- **Raw data**:
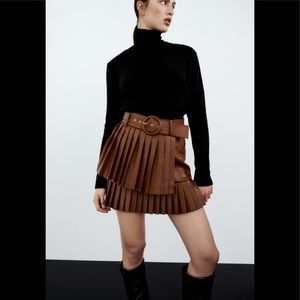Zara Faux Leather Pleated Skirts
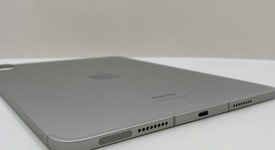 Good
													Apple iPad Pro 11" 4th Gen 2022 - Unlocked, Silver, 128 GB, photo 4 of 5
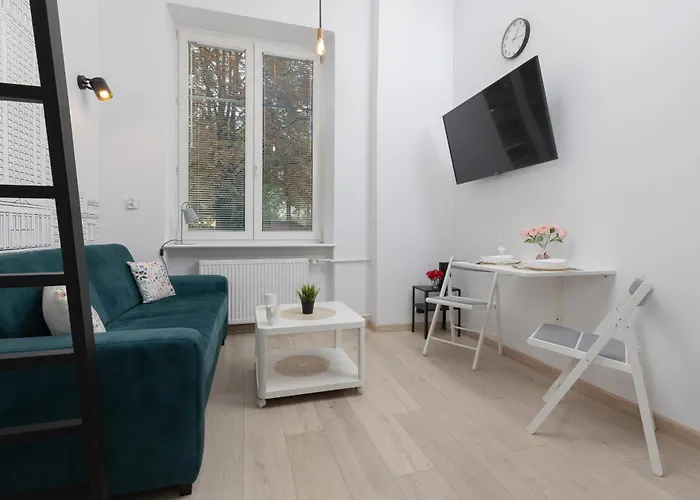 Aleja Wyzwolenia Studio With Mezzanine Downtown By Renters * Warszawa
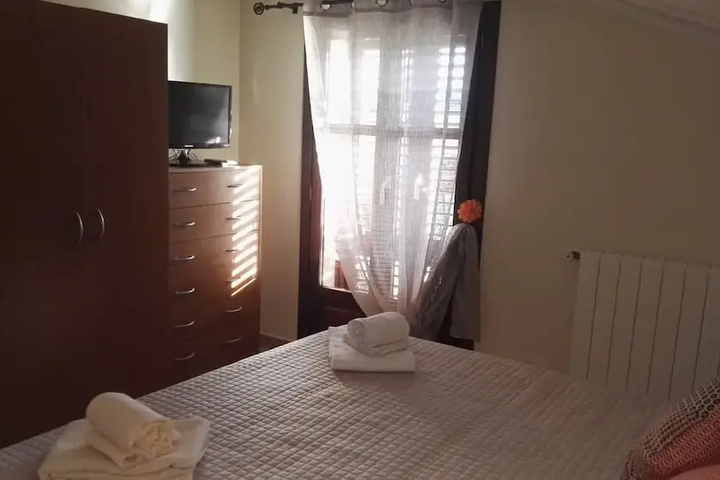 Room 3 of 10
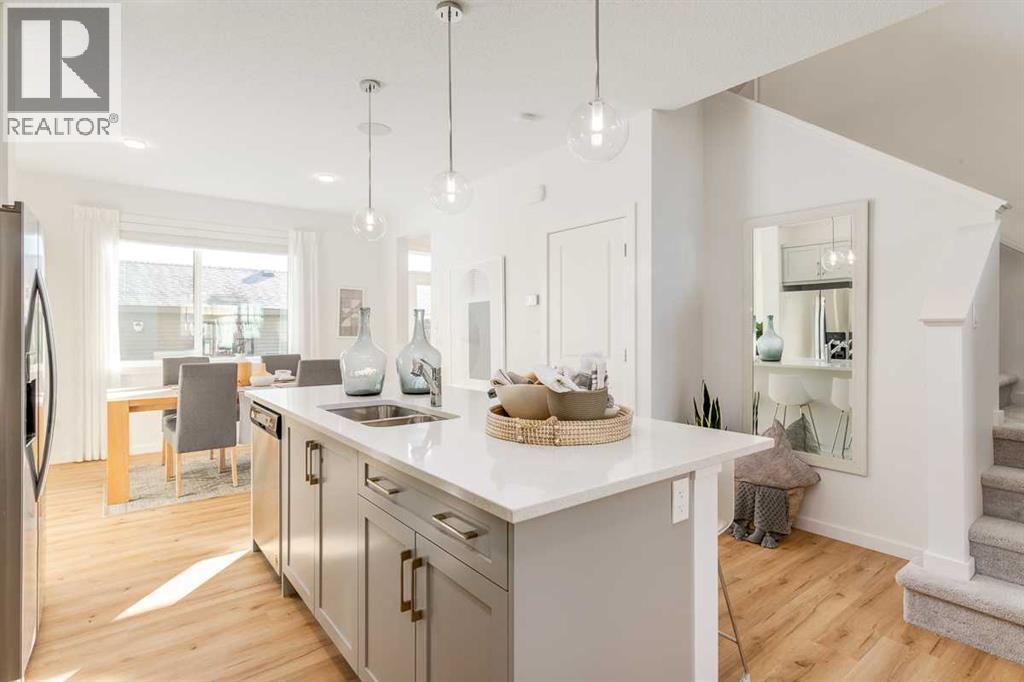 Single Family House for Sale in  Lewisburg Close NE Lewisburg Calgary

- **Task goal**: What you give back must match the entries exactly, apart from the omitted pictures.

- **Answer to the exercise**:
Zara Faux Leather Pleated Skirts
 Good
													Apple iPad Pro 11" 4th Gen 2022 - Unlocked, Silver, 128 GB, photo 4 of 5
 Aleja Wyzwolenia Studio With Mezzanine Downtown By Renters * Warszawa
 Room 3 of 10
 Single Family House for Sale in  Lewisburg Close NE Lewisburg Calgary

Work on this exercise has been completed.